Wednesday, January 09, 2008

Congrats to Dr. Christine Sears on $7000 UAH Research Mini-Grant

Congratulations are in order for one of the department's newest members, Dr. Christine Sears! For her proposal on “Captive and Corsairs: The International Context of North African Corsairs, 1776-1830,” Christine has been awarded a $7019 UAH Research Mini-Grant. This grant will support a month of research in mid-Atlantic archives during the Summer of 2008. This research will help Christine turn her dissertation into a book manuscript.

In the late eighteenth and early nineteenth centuries, North African corsairs seized captives at sea and forcibly employed them in urban centers such as Tripoli, Algiers, and Tunis, until they died or were redeemed. Contemporary Westerners—and later historians—saw this as a barbarian, backward practice that impeded modern free trade. However, North African privateers operated within a set of long-standing customs and systems long recognized, and practiced, by Western countries. As Western countries moved from constrained trade and monopolies to free trade over the long nineteenth century, they continued to license their own privateers and to buy the prize ships and cargoes taken by North African corsairs while simultaneously denouncing the barbaric depredations of the corsairs.

With this research grant, Christine will continue looking at corsairs’ practices and Western reactions to them. Further, she will begin looking more directly at privateering and piracy in the Mediterranean and Atlantic worlds in order to put North African corsairs and reactions to them in a broader historical context.

History Major Veronica Ferreira (and Dr. Waring) Wins Research Grant!

Congratulations to History Major Veronica Ferreira, who has received a $3000 fellowship from the Research Experience for Undergraduates (REU) program at UAH to fund ten weeks of full-time research during the Summer of 2008. Veronica’s project -- which will be closely supervised by Dr. Stephen Waring -- will be an investigation of how the federal government attempted to regiment the sexuality of service women and men during the Second World War.
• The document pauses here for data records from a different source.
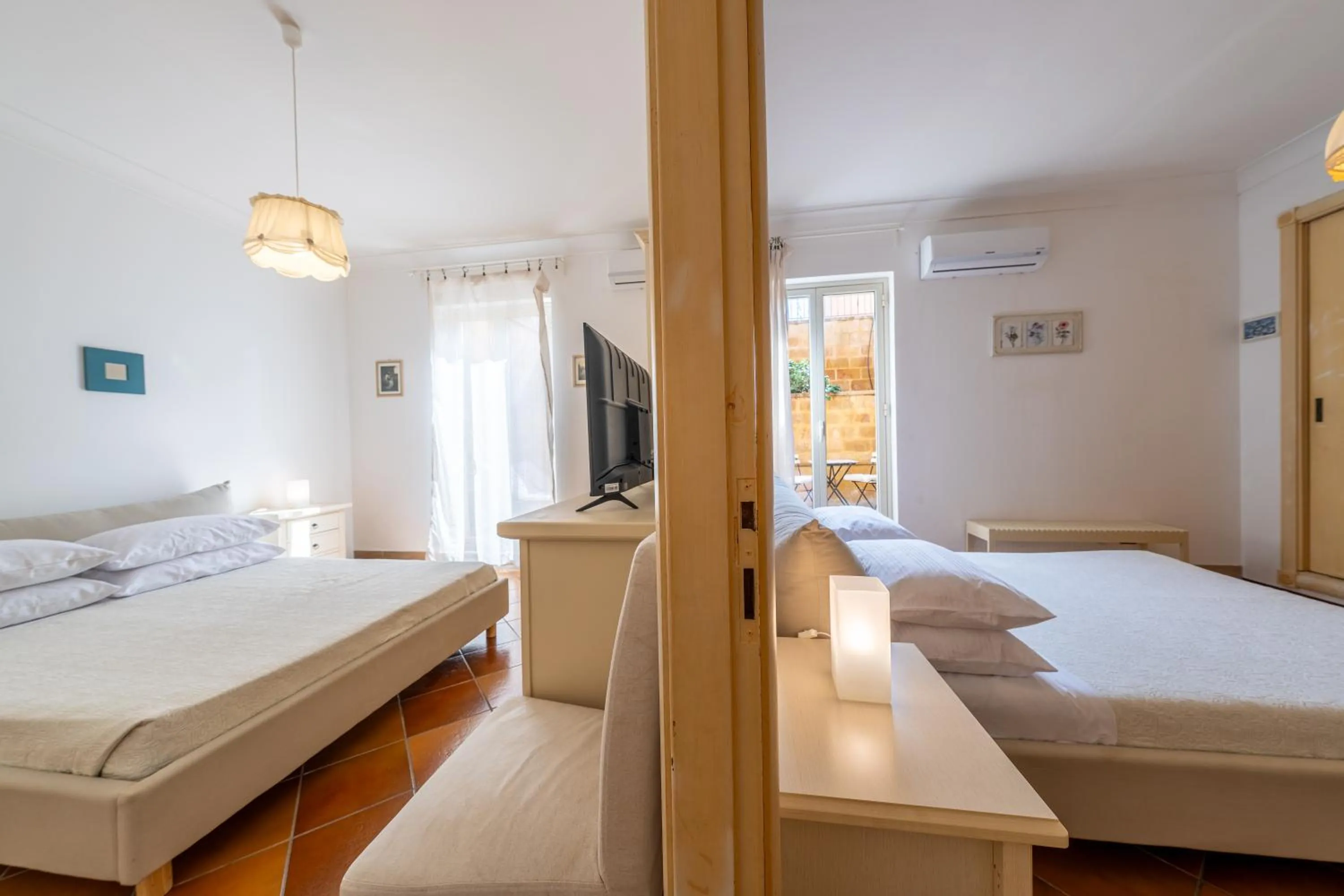 Photo of the whole room, Bed in Villa Carlotta Resort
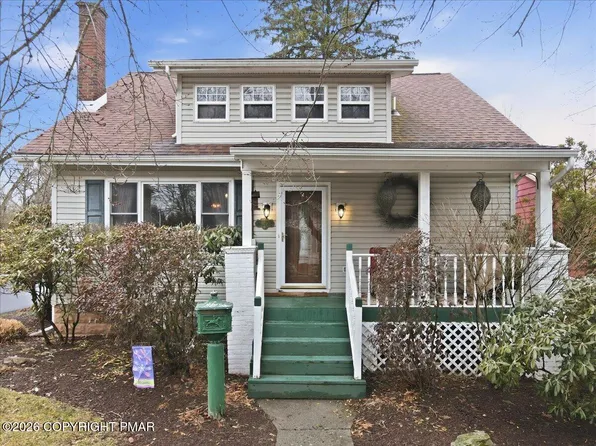 529 Lindbergh Ave, Stroudsburg, PA 18360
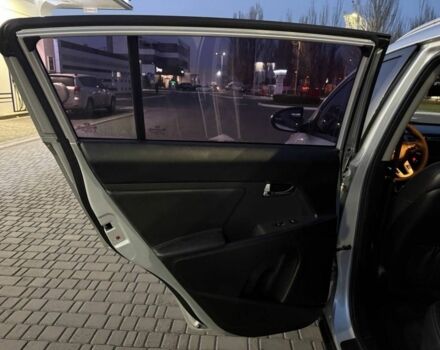 Серый Киа Sportage, объемом двигателя 2 л и пробегом 177 тыс. км за 13000 $, фото 13 на Automoto.ua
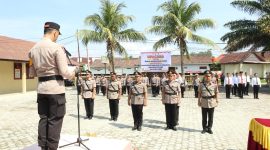 Kapolres Pesisir Barat AKBP Alsyahendra pimpin Upacara Pelantikan dan Sertijab di Polres Pesisir Barat pada Sabtu (30/12/2023). Foto: Joni Irawan, Kabar Indonesia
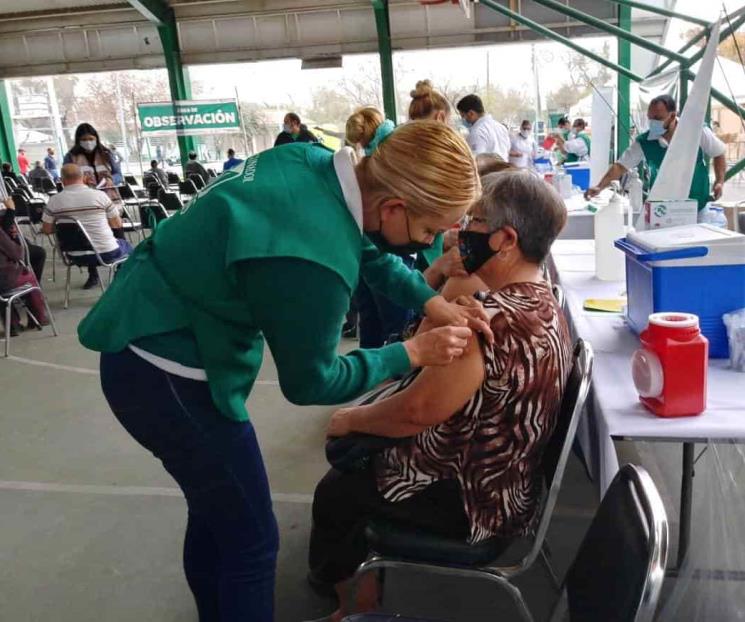 Tiene Apodaca vacunación en orden; llegan para Escobedo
The primary source database for her research will be mainly online archival materials, training manuals and films, recruitment and educational posters, personal papers, and oral history interviews. The finished product will combine a paper written during the History Department's senior seminar (History 490) during Spring Semester 2008 with a REU paper of an additional 20-25 pages based on the summer research. She hopes to submit her paper for publication in a scholarly journal.
Congratulations, Veronica!

Photos from Dr. Waring's Archaeological Excursion in Peru



Dr. Stephen Waring travelled to Peru in December to visit historical and archaeological sites, as well as have some tourist and culinary adventures.
Highlights included the Moche Temple of the Moon, the adobe city of Chan Chan, the museum for the Lord of Sipan, the art and architecture of Cuzco, the Inca Sacred Valley and mountaintop city of Machu Picchu, and the Nazca lines and Chauchilla Cemetery.

Here Waring experiences an Incan "flying staircase" at Ollantaytambo and photographs a two thousand year old textile at Chauchilla. He wants to return to Peru someday with his daughters and some students to hike the Inca Trail.

Tuesday, January 08, 2008

Congratulations to Dr. Boucher on Yet Another Book!



Congratulations to Dr. Philip Boucher, Emeritus Distinguished Professor of History, on the publication of his new book -- his fourth! -- France and the American Tropics to 1700: Tropics of Discontent? (The Johns Hopkins University Press, 2007).

Here are some excerpts from the book description:

"Traditionally, the story of the Greater Caribbean has been dominated by the narrative of Iberian hegemony, British colonization, the plantation regime, and the Haitian Revolution of the eighteenth century. Relatively little is known about the society and culture of this region -- and particularly France's role in them -- in the two centuries prior to the rise of the plantation complex of the eighteenth century. Here, historian Philip P. Boucher offers the first comprehensive account of colonization and French society in the Caribbean.

Boucher's analysis contrasts the structure and character of the French colonies with that of other colonial empires. Describing the geography, topography, climate, and flora and fauna of the region, Boucher recreates the tropical environment in which colonists and indigenous peoples interacted. He then examines the lives and activities of the region's inhabitants -- the indigenous Island Caribs, landowning settlers, indentured servants, African slaves, and people of mixed blood, the gens de couleur. He argues that the sixteenth and seventeenth centuries were not merely a prelude to the classic plantation regime model. Rather, they were an era presenting a variety of possible outcomes. This original narrative demonstrates that the transition to sugar and the plantation complex was more gradual in the French properties than generally depicted -- and that it was not inevitable."

Dr. Boucher, who officially retired in August, is teaching his final two courses at UAH -- one section of Western Civ and a graduate course on Early Modern Europe -- on a post-retirement contract this semester. He will then continue his research and writing at home here in Huntsville and at his new vacation cabin in the mountains near Mentone, on the Alabama-Georgia border.